Now, it's about 25 feet below sea level."
     Many types of teeth have been found, Ramsey said, because they
are the hardest bones and most easily preserved. Geologists have
identified nine different types of shark teeth, grinding teeth from a
cow-nose stingray, tiny teeth from coral-grazing fish, at least one
tooth from an ancient crocodile and the horse teeth.
     Although fossil evidence indicates that most animals inhabiting
Delaware during the Miocene era would be recognizable today, some-like
the horse and the whale-were smaller and still others are now extinct.
"Bones were found that are possibly part of a chalicothere, a strange,
horse-like animal with claws on its feet," Ramsey says. "On the other
hand, we've identified oysters of the same species that now lives in
Delaware Bay.
     "This is the earliest known occurrence of these oysters, so
Delaware can be called the birthplace of the edible oyster," he adds.

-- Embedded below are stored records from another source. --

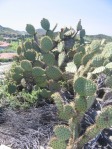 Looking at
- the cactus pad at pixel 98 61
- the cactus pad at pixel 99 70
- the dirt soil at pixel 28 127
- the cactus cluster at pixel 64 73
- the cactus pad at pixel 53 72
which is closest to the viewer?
the cactus cluster at pixel 64 73

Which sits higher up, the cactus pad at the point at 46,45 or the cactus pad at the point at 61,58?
the cactus pad at the point at 46,45

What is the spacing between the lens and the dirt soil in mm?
4500

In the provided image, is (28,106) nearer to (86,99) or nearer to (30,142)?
(30,142)

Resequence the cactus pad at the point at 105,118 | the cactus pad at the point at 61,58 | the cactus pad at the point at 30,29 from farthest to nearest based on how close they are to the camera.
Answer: the cactus pad at the point at 30,29, the cactus pad at the point at 61,58, the cactus pad at the point at 105,118

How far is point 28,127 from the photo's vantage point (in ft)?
16.0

     Ramsey speculates that the climate of Delaware was warmer 17
million years ago, probably similar to that of northern Florida or
southern Georgia. The Atlantic Coast reached about 50 miles further
inland than it does today, and shrubby trees and palms grew close to
the shifting shoreline. Because grasses had not developed yet, the
small horses, rhinos and the chalicotheres probably browsed on the
trees much as deer do today, he says.
     Fossils of both land and marine species are mingled in one site
because storms and floods carried the remains of land animals
downriver into the ocean, he points out.
     Several staff members of the Smithsonian Institution are working
on the vertebrate remains to better determine the geology of the site,
Ramsey says. And Lauck Ward of the Virginia Museum of Natural History
is studying the shells. "In fact, the Smithsonian researchers are
particularly excited about the diversity of mammal remains. This may
well provide the best collection of Miocene mammal fossils on the East
Coast of the United States," he says.
     Microfossils of protozoa, such as radiolaria and foraminifera,
are being examined carefully by Richard Benson of the survey because
these creatures are found world-wide in deep seas and so can be used
to date the site with a small time frame, he adds.
     Important as a significant Miocene fossil find in Delaware, the
site is also of interest to geologists because it is part of the
Cheswold aquifer, a subsurface zone that provides drinking water for
the towns of Cheswold and Dover. "It's rare to actually get our hands
on an aquifer," Ramsey says. "Normally, we just see records from a
well driller or a core sample. This site will help us understand where
the aquifer is located in the subsurface and how water is stored and
moves through the aquifer.
     "We have a short window of opportunity to study these sands and
collect specimens because ultimately the site will be graded over and
water will be allowed to return to normal levels."
     University geologists have gained a little extra time to look for
rare fossils, however. DelDOT has delivered three truckloads of sand
from the site for the scientists to sift through.